On Thu, Apr 21, 2022 at 6:47 PM Alexei Starovoitov
<alexei.starovoitov@xxxxxxxxx> wrote:
>
> On Tue, Apr 19, 2022 at 05:21:40PM -0700, Dave Marchevsky wrote:
> > Currently, each local_storage type (sk, inode, task) has a 16-entry
> > cache for local_storage data associated with a particular map. A
> > local_storage map is assigned a fixed cache_idx when it is allocated.
> > When looking in a local_storage for data associated with a map the cache
> > entry at cache_idx is the only place the map can appear in cache. If the
> > map's data is not in cache it is placed there after a search through the
> > cache hlist.

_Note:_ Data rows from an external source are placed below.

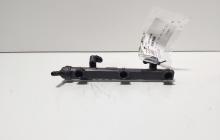 Rampa injectoare, cod 04C133313R, Vw UP 1.0 benz, CHYA (id:558389)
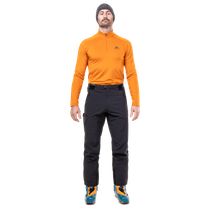 Mountain Equipment Epic Mens Pant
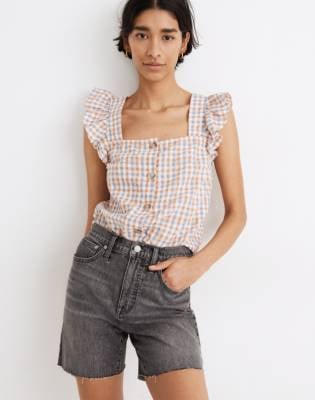 madewell brayton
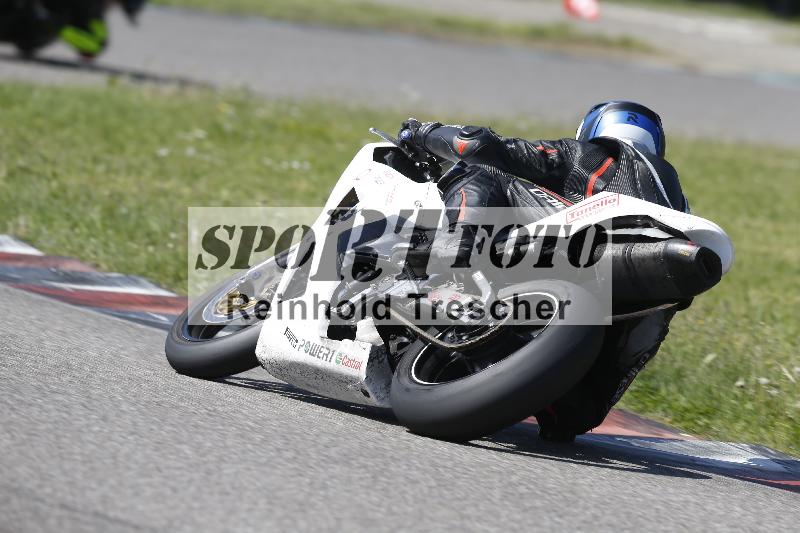 /12 30.04.2025 Speer Racing ADR/Gruppe gelb/13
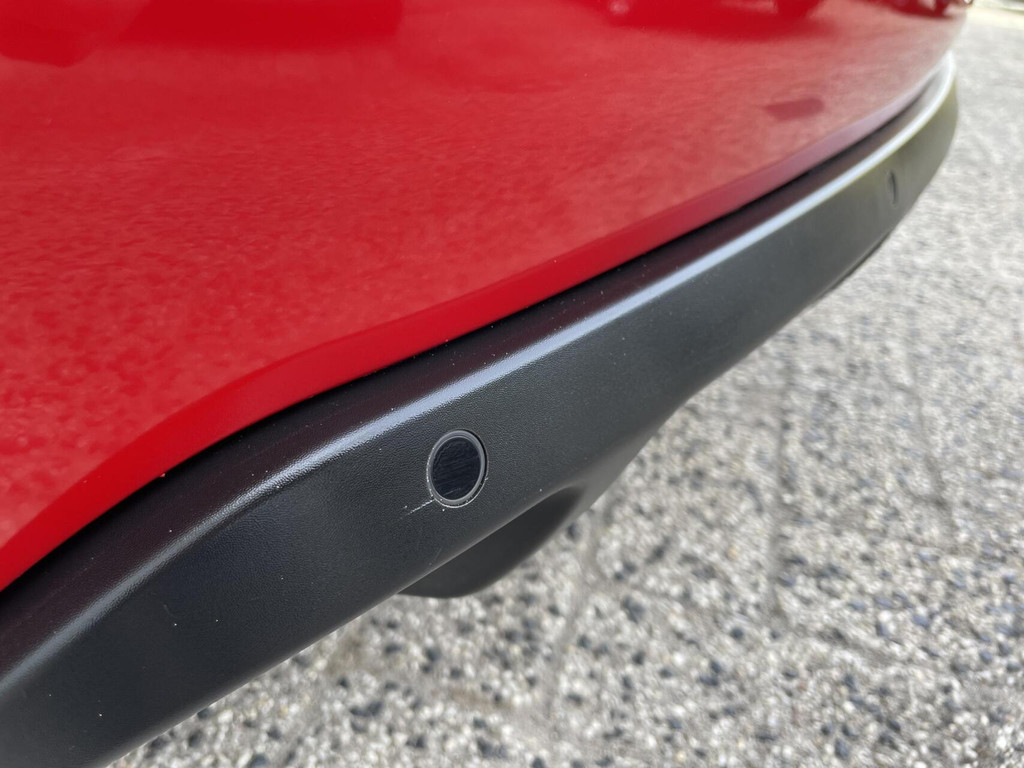 Citroën DS3 1.6 So Chic – foto 7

When there are >16 local_storage maps allocated for a
> > local_storage type multiple maps have same cache_idx and thus may knock
> > each other out of cache.
> >
> > BPF programs that use local_storage may require fast and consistent
> > local storage access. For example, a BPF program using task local
> > storage to make scheduling decisions would not be able to tolerate a
> > long hlist search for its local_storage as this would negatively affect
> > cycles available to applications. Providing a mechanism for such a
> > program to ensure that its local_storage_data will always be in cache
> > would ensure fast access.
> >
> > This series introduces a BPF_LOCAL_STORAGE_FORCE_CACHE flag that can be
> > set on sk, inode, and task local_storage maps via map_extras. When a map
> > with the FORCE_CACHE flag set is allocated it is assigned an 'exclusive'
> > cache slot that it can't be evicted from until the map is free'd.
> >
> > If there are no slots available to exclusively claim, the allocation
> > fails. BPF programs are expected to use BPF_LOCAL_STORAGE_FORCE_CACHE
> > only if their data _must_ be in cache.
>
> I'm afraid new uapi flag doesn't solve this problem.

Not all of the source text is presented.